There aren’t many forms of typical entertainment, so we have to make our own. We make indoor camps and stay up late to spot shooting stars. We build sandcastles and rope swings, and try to magnetise needles to make an improvised compass by floating them on a leaf in water. Best of all, we play touch tennis – like mini tennis but with a foam ball. Look it up. Our family play it all the time! These things aren’t expensive, but they buy the one thing that strengthens families the most: fun times together, actually making and doing things.
As we try to do our best to bring up balanced, calm, kind and curious children, it is often the simple things that work best. I really believe these are the type of improvised adventures that create the most powerful memories.
I have also learned that special times don’t have to wait until we’re on holiday. Shara and I have always made sure our three boys help out, whether assembling the roof rack, watering a flower bed, or refuelling the outboard engine to go mackerel fishing.

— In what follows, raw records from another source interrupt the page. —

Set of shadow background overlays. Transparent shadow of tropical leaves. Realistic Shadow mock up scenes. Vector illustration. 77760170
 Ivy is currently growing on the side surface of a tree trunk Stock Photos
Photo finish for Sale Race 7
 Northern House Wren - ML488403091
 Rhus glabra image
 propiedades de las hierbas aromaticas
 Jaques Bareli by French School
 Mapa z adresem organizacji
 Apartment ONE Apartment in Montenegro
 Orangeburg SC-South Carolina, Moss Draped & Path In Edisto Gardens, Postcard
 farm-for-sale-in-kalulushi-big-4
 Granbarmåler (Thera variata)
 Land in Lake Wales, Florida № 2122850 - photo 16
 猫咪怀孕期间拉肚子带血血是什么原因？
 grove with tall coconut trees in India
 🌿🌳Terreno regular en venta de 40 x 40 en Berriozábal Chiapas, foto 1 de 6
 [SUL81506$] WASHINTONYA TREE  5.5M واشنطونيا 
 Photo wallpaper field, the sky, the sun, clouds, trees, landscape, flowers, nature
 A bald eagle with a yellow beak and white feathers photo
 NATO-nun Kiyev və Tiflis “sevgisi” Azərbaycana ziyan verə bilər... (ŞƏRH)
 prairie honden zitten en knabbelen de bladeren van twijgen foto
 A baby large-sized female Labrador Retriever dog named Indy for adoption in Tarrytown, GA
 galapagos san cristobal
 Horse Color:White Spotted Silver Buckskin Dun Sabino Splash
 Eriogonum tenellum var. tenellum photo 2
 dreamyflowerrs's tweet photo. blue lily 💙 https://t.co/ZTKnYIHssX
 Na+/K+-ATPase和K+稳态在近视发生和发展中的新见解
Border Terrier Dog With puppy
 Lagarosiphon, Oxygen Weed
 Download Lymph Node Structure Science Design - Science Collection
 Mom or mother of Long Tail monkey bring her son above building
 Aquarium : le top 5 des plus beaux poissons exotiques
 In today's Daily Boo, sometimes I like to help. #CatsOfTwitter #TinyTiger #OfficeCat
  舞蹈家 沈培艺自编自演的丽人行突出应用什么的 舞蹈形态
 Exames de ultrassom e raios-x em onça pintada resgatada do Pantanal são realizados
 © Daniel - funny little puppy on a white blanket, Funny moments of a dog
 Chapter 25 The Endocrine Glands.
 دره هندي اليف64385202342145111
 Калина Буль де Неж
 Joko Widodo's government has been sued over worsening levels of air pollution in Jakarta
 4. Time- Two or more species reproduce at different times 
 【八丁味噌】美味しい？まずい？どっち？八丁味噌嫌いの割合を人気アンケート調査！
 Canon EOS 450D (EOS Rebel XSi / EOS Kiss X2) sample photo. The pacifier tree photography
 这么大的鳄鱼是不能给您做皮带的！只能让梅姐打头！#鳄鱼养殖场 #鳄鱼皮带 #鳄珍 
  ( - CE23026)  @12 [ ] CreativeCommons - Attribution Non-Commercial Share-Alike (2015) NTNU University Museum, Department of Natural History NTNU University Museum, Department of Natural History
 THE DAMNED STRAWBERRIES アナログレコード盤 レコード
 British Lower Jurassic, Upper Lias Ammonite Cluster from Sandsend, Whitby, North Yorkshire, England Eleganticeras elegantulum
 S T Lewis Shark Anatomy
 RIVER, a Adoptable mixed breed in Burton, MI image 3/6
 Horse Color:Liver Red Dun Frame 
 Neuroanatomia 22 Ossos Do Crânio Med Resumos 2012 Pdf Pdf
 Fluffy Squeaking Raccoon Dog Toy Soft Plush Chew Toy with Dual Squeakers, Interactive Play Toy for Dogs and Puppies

Friends who come and stay with us in Wales are often amazed how fast and confident the boys are at tying up ropes and using the dinghy to help bring supplies ashore. But they have become good and nimble around the water and the clifftops because they have grown up having to help. The best skills and attitudes are always learned through example.
Don’t get me wrong, our boys like a bit of screen time to play games but we try to limit that time. Generally, Shara and I have noticed that too much of it often leads to rows.
Let’s not think of summer as a chore to keep kids entertained. Instead, see it as a time to have fun. It is the silly stuff kids remember.